Brightway development diary #1

Uniquely identifying intermediate flows

As part of the redesign of Brightway, I have been defining database schemas on a finer level than I have previously. When I first started working on Brightway, I saw a detailed database schema as an artificial restriction on the freedom of people to define their own activity datasets, and to use whatever fields were appropriate for their use cases. Experience has shown me that most people appreciate some structure - they want to focus on their specific problems, not build an entire LCA system from the ground up. I still plan to have a more "free form" back end at some point, but the focus now is on something with a little more structure than the current default bw2data backend.

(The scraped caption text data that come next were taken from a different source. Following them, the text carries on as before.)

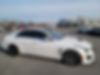 1G6A15S67J0150448-2018-cadillac-cts-v-sedan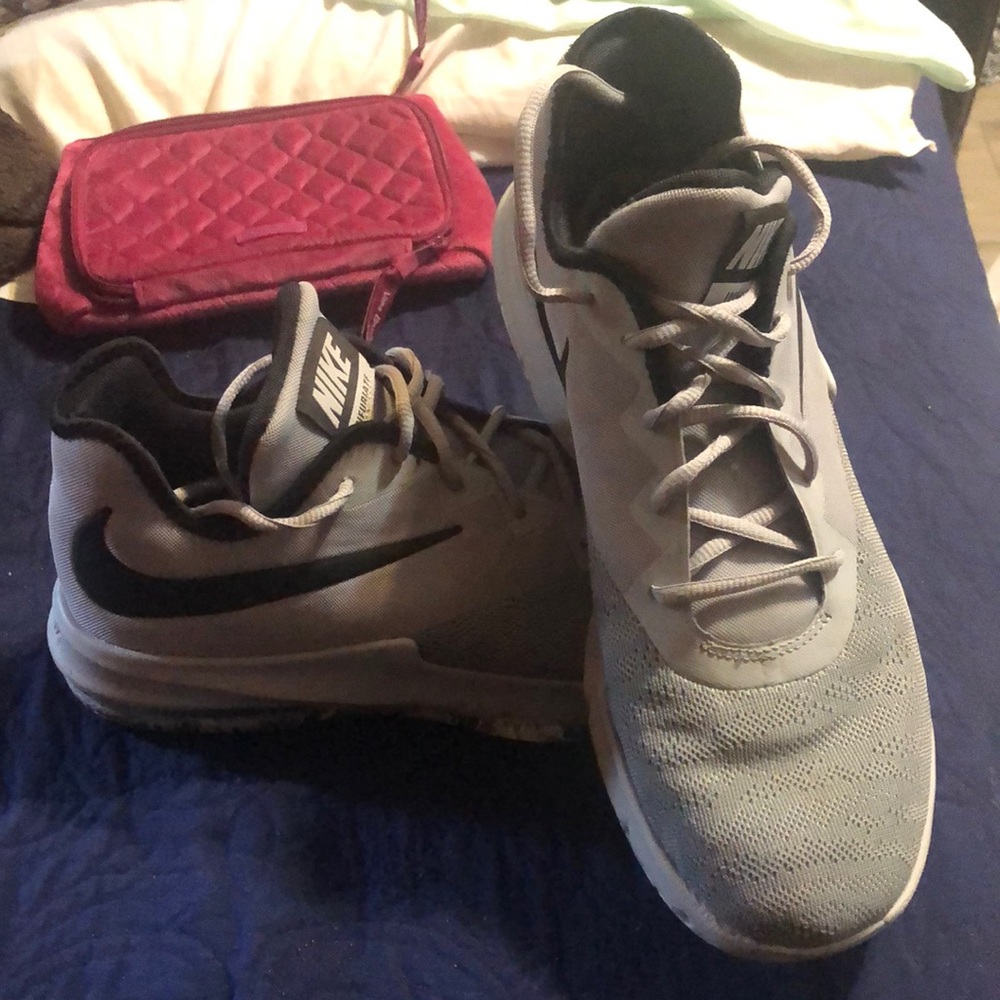 Nike Airmax shoes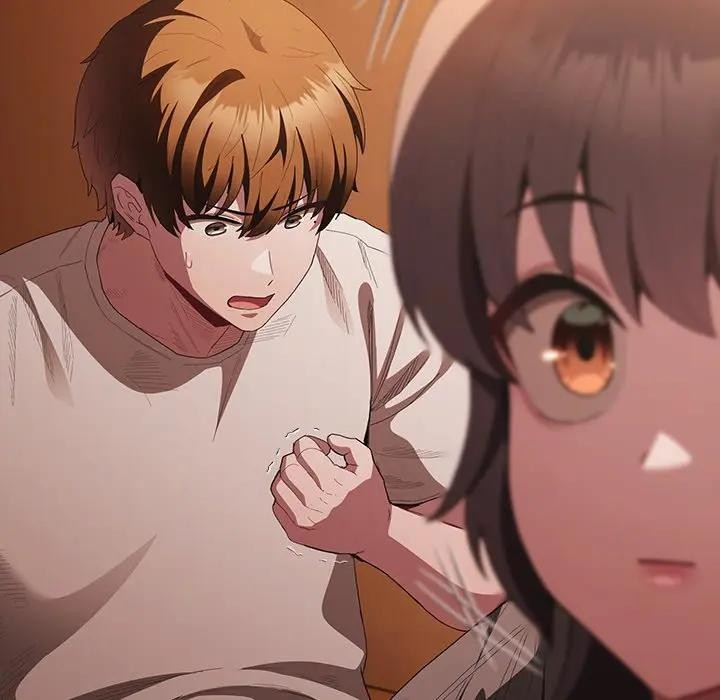 神圣陷阱第36話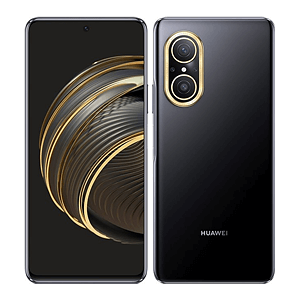 HUAWEI nova 11 Ultra【スペック】価格や発売日 | スマホBANK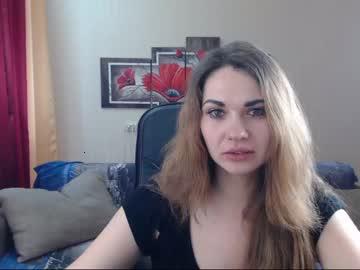 sheilasun chaturbate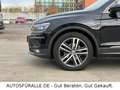 Volkswagen Tiguan *Highline*HUD*Panor.*SD*SH*AHK*Mwst*TOP! Schwarz - thumbnail 39
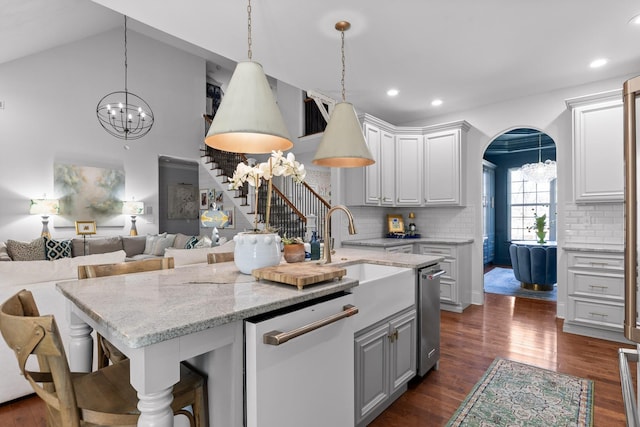 1024 E Dallas Rd, Chattanooga, TN 37405 - photo 16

As part of the clean separation of activities and flows, I have found myself forced to break out of the mental mode of ecoinvent (and probably most other databases), in which each activity has a single "reference product" - instead, Brightway should support each activity having zero, one, or many products. This separation has introduced some new problems, and the one I am currently struggling with is how to uniquely identify these intermediate flows (they are products to some activities, but are inputs to others.) Their names aren't unique - for example, "steel" can be produced in many places. Although this feature isn't widely used yet, we also need to recognize that inventory databases can differentiate activities by temporal range, such as separate datasets steel production in China from 1990 to 2000, and from 2000 to 2010.

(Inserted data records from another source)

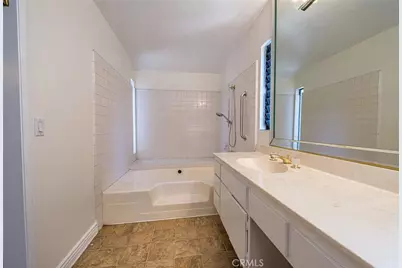 3421 Timber Lake #42, Costa Mesa, CA 92626 - Photo 15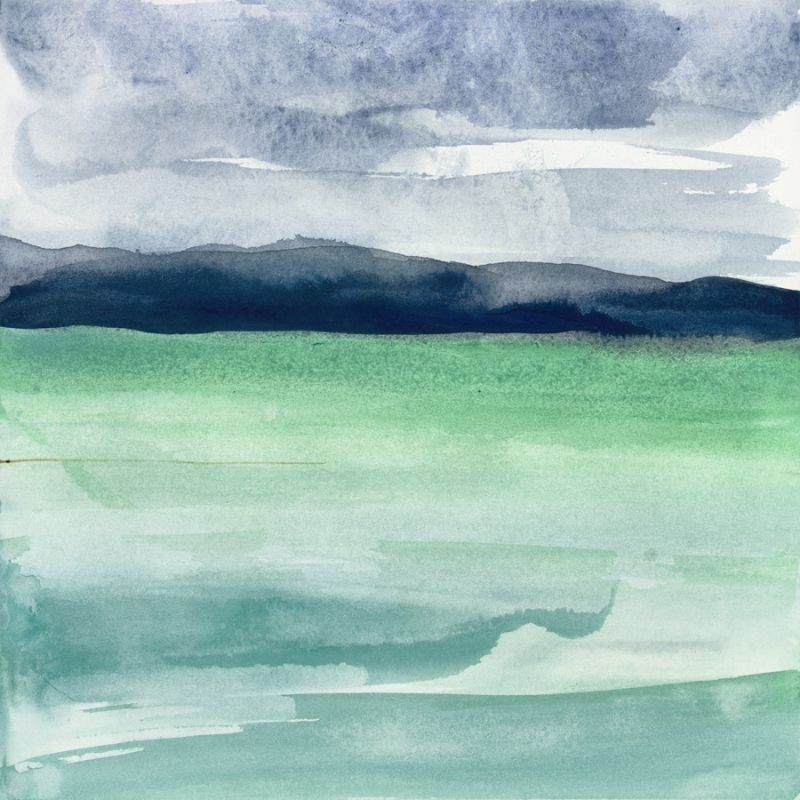 Indigo Hills II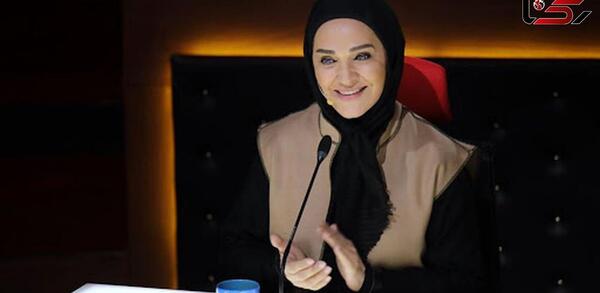عکس سگ رویا نونهالی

So far, then, in order to uniquely identify an intermediate flow our table needs to have a name, a unit, (maybe) a location, (maybe) a temporal range, and, at least in the case of biosphere flows, a list of categories. We probably also want a label for the collection that the flow belongs to, such as "ecoinvent" or "Joe's midterm project." However, I don't know if these fields are either necessary or sufficient to uniquely identify these intermediate flows - this is somehow too specific, and in some cases probably not specific enough. so far I don't have any uniqueness constraints in the database schema either. My preliminary conclusion is that, at least most of the time, we search for and identify a flow by its producing activity. In this case, the user interface needs to make searching such relations easy.

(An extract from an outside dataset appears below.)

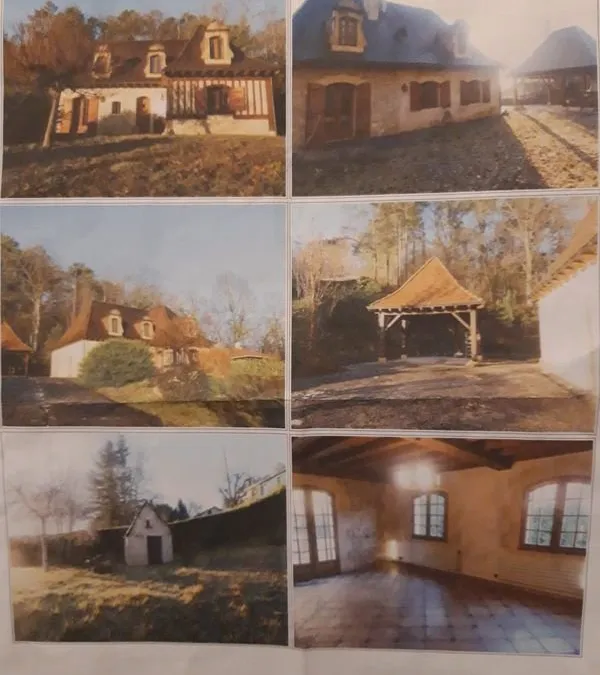 Photo 1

Making user interfaces harder

Brightway2 had two levels of abstraction above the database - one level provided by the Peewee ORM, and another in Brightway2 itself. You can see some of this indirection in the bw2data definition of Activity. In the default backend for Brightway TNG (or whatever the next version is being called by the corporate types down at headquarters) there is only one level - the Peewee documents themselves. This means that you will need to learn some new syntax to do some basic things - here are some examples from recent test writing:

  • Database("foo").random() becomes Collection.get(Collection.name == "foo").activities.get() or Activity.get(Activity.collection == Collection.get(Collection.name == "foo")).
  • for x in Database("foo") becomes for x in Collection.get(Collection.name == "foo").activities. But note that you can also do for x in Collection.get(Collection.name == "foo").flows.

However, it is not all bad. By working directly with Peewee queries, and by moving everything into the database, we can now use the power of SQL to make some nice queries. We also get to do data manipulation in the database instead of loading data into Python first. By reducing the amount of code, we sidestep many bugs. Finally, we get consistency - the interface for everything in the SQLite database is the same.